Attorneys for Spriggs hailed the appeals court ruling, which they said extends employment discrimination laws to cover at-will employees, like Spriggs.
“That ensures that the largest portion of the U.S. workforce is covered by civil rights laws,” Thomas Henderson, deputy director of the Lawyers’ Committee for Civil Rights Under Law, which filed a friend of the court brief in the case.
An attorney for Diamond Auto Glass could not say Tuesday if the company would appeal the Thursday ruling.
“My clients will have to decide if they want to take it to the next level,” Angus Everton said.
He declined comment on Spriggs’ claims of racial harassment in the workplace.
“My client doesn’t agree with the things he’s alleged, but there’s always two sides to every story,” said Everton.
Spriggs claimed that the racial abuse by his supervisor, Ernest Stickell, started as soon as he went to work for the Diamond Auto Glass store in Forestville in 1993.
Besides using racial slurs, Spriggs’ attorneys said, Stickell showed Spriggs a picture of an orangutan to “remind him of who he was.”
Spriggs quit in 1995 but returned to Diamond Auto Glass in 1996 after the manager of the Forestville store asked him to return and promised to keep Stickell in line.
Instead of curbing his behavior, however, Spriggs’ attorneys claim that Stickell routinely brought guns to work and threatened to kill anyone who got him in trouble with his boss over racial issues.
Spriggs left Diamond again in February 1997, was lured back once more and left for good in March 1997.
He sued the company, its president and Stickell that summer, claiming that the work environment was so hostile that he had no choice but to quit.
The company argued that, even if Spriggs’ claims were true, he could not sue for damages under the Civil Rights Act of 1991 because he was not a contractual employee. It said he should have filed instead under Title VII, which would have limited him to collecting $250,000 in damages.
The district court agreed and threw out Spriggs’ case.
But the appellate court said that a “lack of an agreed-upon duration” of employment does not invalidate Spriggs’ underlying employment contract with Diamond Auto Glass. In fact, it noted that Maryland courts recognize at-will employment as contracts.
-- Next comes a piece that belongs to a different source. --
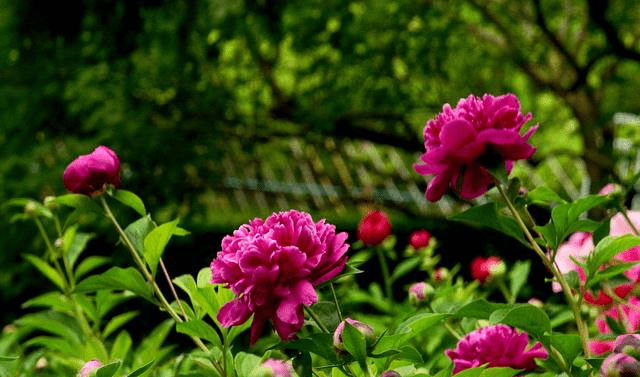 被誉为花仙 花相 有女科之花 五月花神之称的 殿春 芍药 牡丹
Spriggs’ attorneys said he plans to sue for $2 million, in part to compensate him for the “egregious” working conditions at Diamond Auto Glass. They also said that Spriggs, who had one of the highest sales volumes at Diamond Auto Glass, has not been able to find work with comparable pay and hours.
“This is just a really wild case, way out there beyond what I’ve ever seem, especially for this (Washington, D.C.) area,” said Vickie Fang, one of three attorneys representing Spriggs.